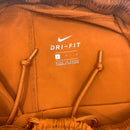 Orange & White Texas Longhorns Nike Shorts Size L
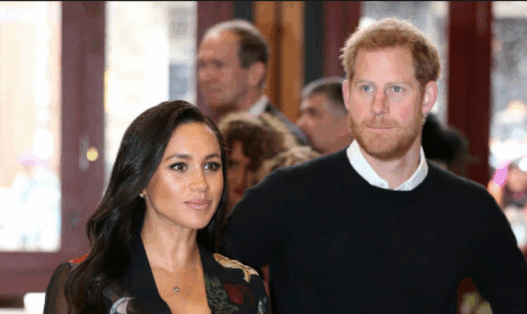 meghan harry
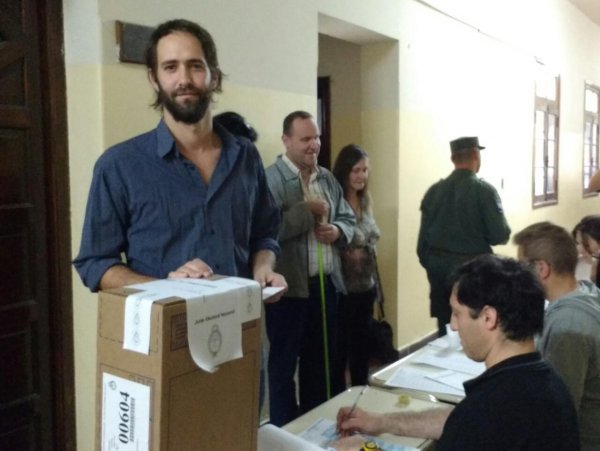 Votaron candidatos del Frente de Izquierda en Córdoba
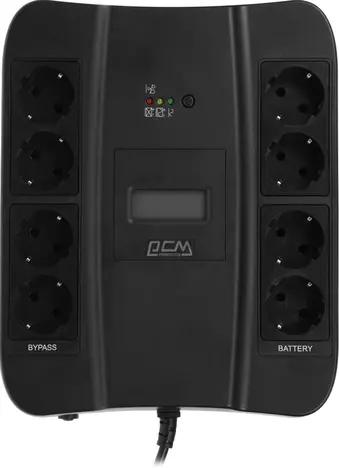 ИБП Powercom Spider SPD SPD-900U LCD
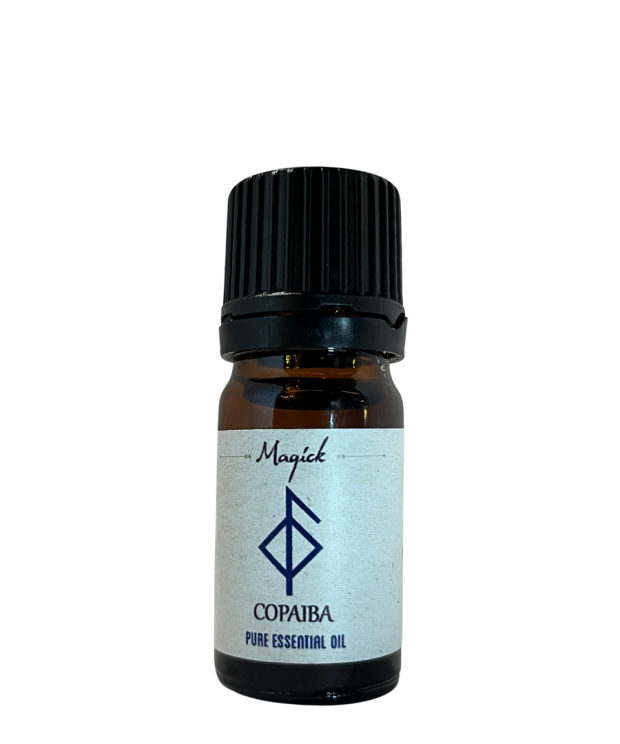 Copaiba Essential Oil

....

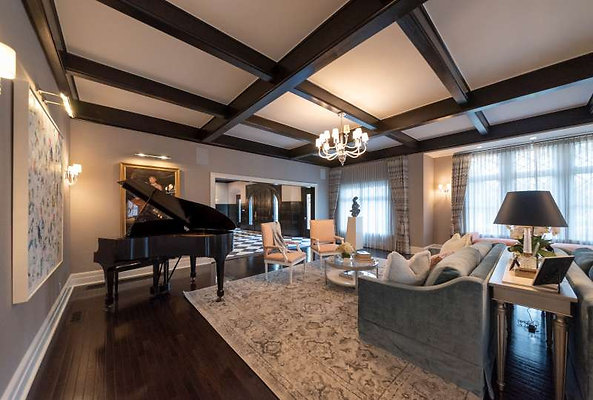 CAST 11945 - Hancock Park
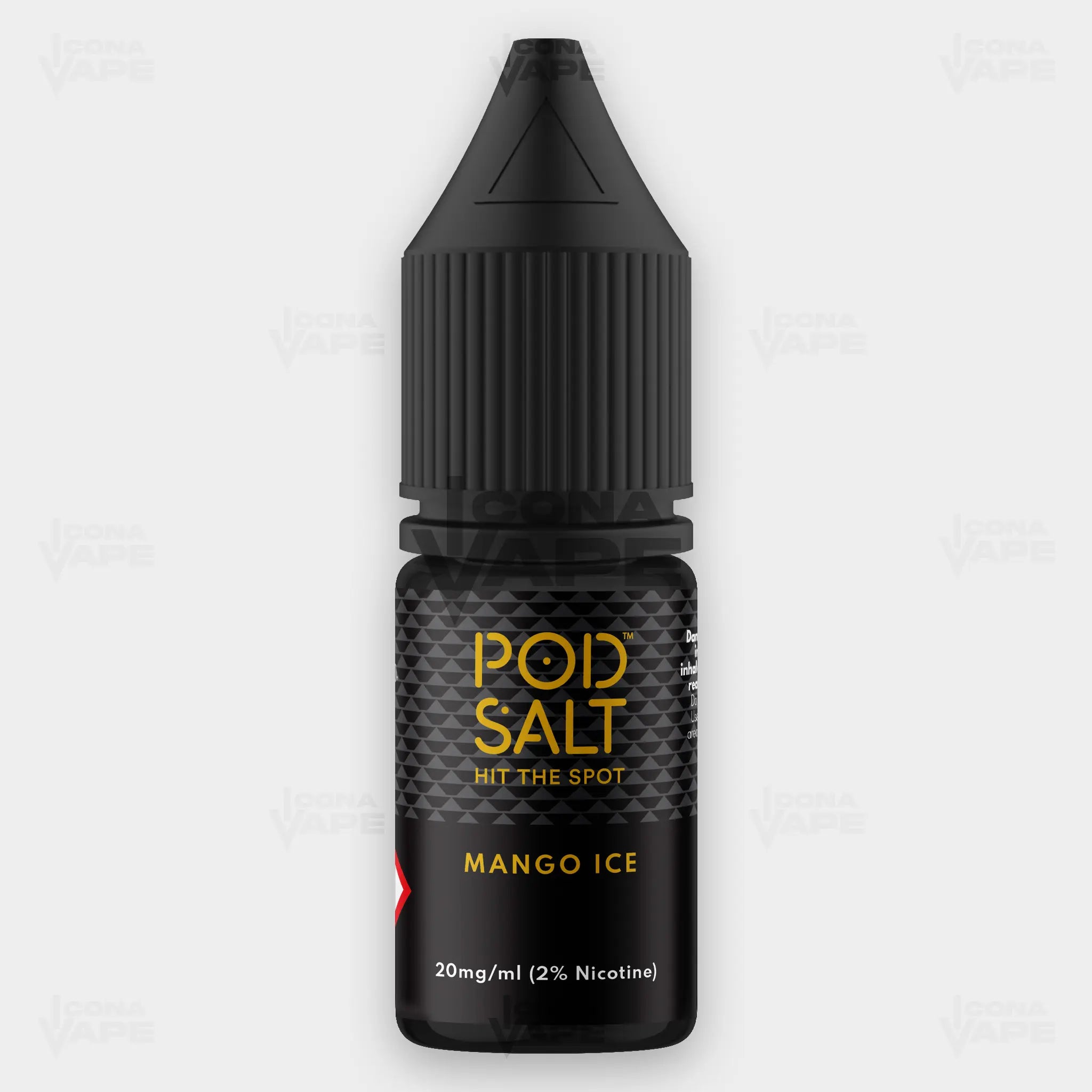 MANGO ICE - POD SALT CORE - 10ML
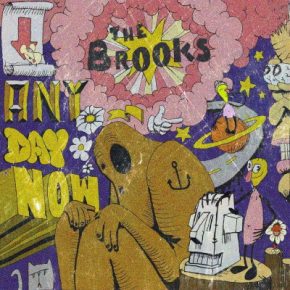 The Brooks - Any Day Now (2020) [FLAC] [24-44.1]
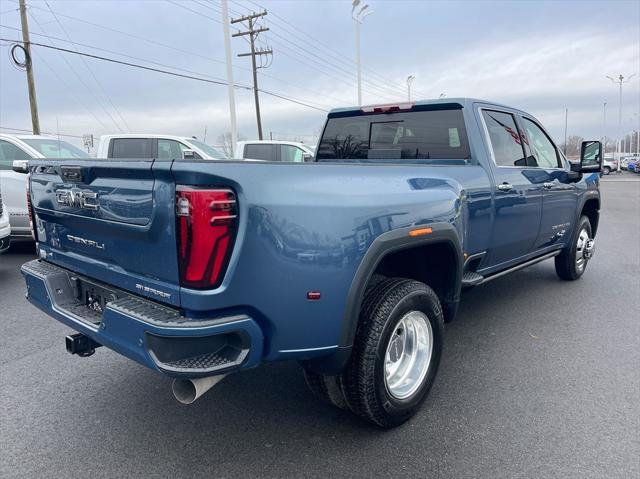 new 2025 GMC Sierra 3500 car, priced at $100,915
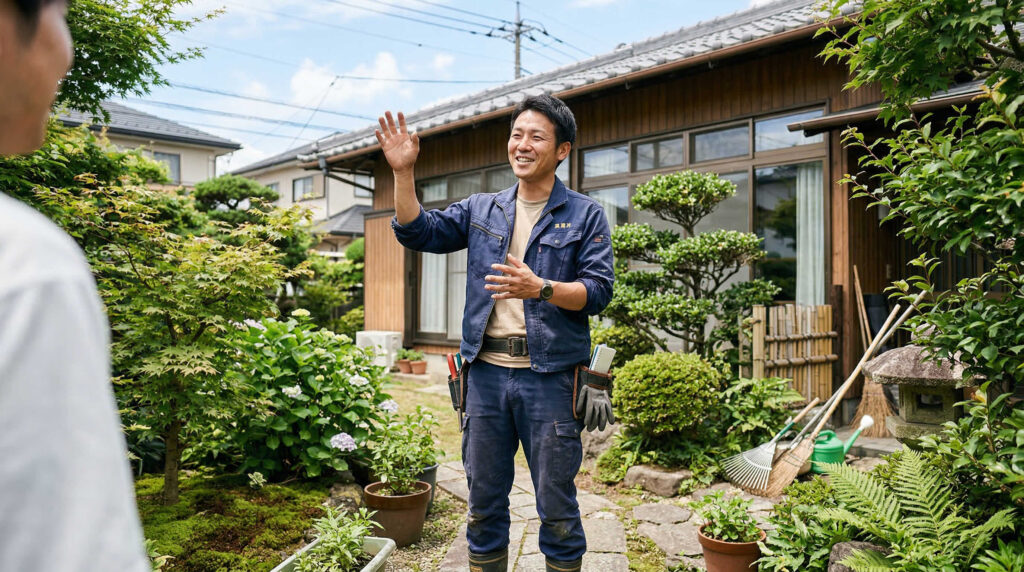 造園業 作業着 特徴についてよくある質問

....

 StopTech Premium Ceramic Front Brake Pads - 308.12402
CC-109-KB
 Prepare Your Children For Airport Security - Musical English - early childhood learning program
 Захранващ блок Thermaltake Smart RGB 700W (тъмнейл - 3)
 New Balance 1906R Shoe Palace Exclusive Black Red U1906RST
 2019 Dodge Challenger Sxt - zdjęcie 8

....

• [WHAT YOU ARE ASKED TO DO] What are the lines above from the one with "Votaron candidatos del" to the one with "Copaiba Essential Oil", both included? Reproduce them exactly, without pictures.

• [ANSWER BOX]
 Votaron candidatos del Frente de Izquierda en Córdoba
 ИБП Powercom Spider SPD SPD-900U LCD
 Copaiba Essential Oil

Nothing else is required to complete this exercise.